Data entries:
-------

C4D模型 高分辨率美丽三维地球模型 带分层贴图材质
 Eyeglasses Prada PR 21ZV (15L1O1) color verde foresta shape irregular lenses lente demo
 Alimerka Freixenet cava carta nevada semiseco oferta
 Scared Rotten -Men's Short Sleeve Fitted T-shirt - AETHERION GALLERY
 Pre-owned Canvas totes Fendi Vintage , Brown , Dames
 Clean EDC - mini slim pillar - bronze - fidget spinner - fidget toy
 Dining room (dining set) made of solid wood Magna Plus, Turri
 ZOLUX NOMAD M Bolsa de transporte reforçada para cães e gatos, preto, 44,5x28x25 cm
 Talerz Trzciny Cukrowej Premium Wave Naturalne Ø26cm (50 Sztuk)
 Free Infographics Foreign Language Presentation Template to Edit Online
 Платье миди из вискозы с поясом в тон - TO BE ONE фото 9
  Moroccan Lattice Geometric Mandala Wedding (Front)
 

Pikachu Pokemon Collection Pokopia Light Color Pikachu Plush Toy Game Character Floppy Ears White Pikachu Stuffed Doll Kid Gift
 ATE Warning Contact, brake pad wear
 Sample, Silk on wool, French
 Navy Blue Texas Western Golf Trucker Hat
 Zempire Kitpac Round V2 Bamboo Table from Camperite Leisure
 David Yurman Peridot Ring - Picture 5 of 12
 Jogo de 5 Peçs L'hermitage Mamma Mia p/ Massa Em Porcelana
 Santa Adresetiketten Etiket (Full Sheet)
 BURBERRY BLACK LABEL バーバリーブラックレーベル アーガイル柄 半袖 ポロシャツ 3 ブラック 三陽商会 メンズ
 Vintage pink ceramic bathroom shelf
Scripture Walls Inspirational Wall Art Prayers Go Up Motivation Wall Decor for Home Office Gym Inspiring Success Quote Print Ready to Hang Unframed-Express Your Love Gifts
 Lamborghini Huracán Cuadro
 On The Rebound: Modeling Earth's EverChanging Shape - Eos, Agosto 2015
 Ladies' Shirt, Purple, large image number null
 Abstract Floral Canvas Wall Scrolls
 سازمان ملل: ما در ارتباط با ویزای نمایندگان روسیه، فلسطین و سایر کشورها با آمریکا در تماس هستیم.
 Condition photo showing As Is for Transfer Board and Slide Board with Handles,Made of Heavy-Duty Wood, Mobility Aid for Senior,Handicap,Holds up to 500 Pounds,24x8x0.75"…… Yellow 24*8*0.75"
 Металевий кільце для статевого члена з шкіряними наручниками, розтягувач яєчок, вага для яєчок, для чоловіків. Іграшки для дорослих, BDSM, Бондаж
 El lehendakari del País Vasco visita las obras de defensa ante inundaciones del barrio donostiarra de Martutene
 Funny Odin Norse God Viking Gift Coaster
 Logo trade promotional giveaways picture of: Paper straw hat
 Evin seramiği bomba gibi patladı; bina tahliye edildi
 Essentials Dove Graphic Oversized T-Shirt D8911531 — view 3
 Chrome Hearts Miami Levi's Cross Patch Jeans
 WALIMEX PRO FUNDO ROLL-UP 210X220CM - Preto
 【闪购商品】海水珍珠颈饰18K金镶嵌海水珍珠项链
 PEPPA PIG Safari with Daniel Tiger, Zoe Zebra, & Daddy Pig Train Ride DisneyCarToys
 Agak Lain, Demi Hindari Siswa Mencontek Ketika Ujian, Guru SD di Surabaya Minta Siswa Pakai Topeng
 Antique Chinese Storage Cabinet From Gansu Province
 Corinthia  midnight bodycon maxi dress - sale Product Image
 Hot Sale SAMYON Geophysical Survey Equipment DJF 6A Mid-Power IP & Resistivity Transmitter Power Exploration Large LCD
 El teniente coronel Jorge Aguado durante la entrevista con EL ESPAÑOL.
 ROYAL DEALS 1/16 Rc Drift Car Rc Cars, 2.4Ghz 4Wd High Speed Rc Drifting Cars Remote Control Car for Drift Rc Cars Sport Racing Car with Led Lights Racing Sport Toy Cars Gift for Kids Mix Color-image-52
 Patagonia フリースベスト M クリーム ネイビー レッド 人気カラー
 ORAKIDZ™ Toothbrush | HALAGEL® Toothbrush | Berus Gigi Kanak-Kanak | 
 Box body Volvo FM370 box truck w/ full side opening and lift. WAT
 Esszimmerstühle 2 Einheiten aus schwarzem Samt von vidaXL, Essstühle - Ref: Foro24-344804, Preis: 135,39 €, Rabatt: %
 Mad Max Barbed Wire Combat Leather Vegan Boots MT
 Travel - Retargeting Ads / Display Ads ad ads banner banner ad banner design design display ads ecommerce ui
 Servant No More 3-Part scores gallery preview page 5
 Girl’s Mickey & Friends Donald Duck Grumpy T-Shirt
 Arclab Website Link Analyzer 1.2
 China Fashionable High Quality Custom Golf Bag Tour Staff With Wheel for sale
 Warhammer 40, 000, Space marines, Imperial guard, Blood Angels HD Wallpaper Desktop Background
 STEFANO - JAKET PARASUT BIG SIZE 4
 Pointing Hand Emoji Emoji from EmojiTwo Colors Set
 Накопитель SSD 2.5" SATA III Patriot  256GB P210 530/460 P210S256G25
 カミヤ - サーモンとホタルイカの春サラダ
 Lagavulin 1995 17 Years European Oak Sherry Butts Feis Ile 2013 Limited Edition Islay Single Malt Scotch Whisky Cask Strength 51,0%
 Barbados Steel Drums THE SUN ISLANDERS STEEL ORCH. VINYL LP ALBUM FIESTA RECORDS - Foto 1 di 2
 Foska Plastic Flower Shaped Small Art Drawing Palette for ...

-------

▸ **Activity**
Going back to the entries above, set down exactly the lines that begin at the one with "David Yurman Peridot Ring - Picture 5 of 12" and end at the one with "Vintage pink ceramic bathroom shelf", both included, and nothing else.

▸ **Reply**
 David Yurman Peridot Ring - Picture 5 of 12
 Jogo de 5 Peçs L'hermitage Mamma Mia p/ Massa Em Porcelana
 Santa Adresetiketten Etiket (Full Sheet)
 BURBERRY BLACK LABEL バーバリーブラックレーベル アーガイル柄 半袖 ポロシャツ 3 ブラック 三陽商会 メンズ
 Vintage pink ceramic bathroom shelf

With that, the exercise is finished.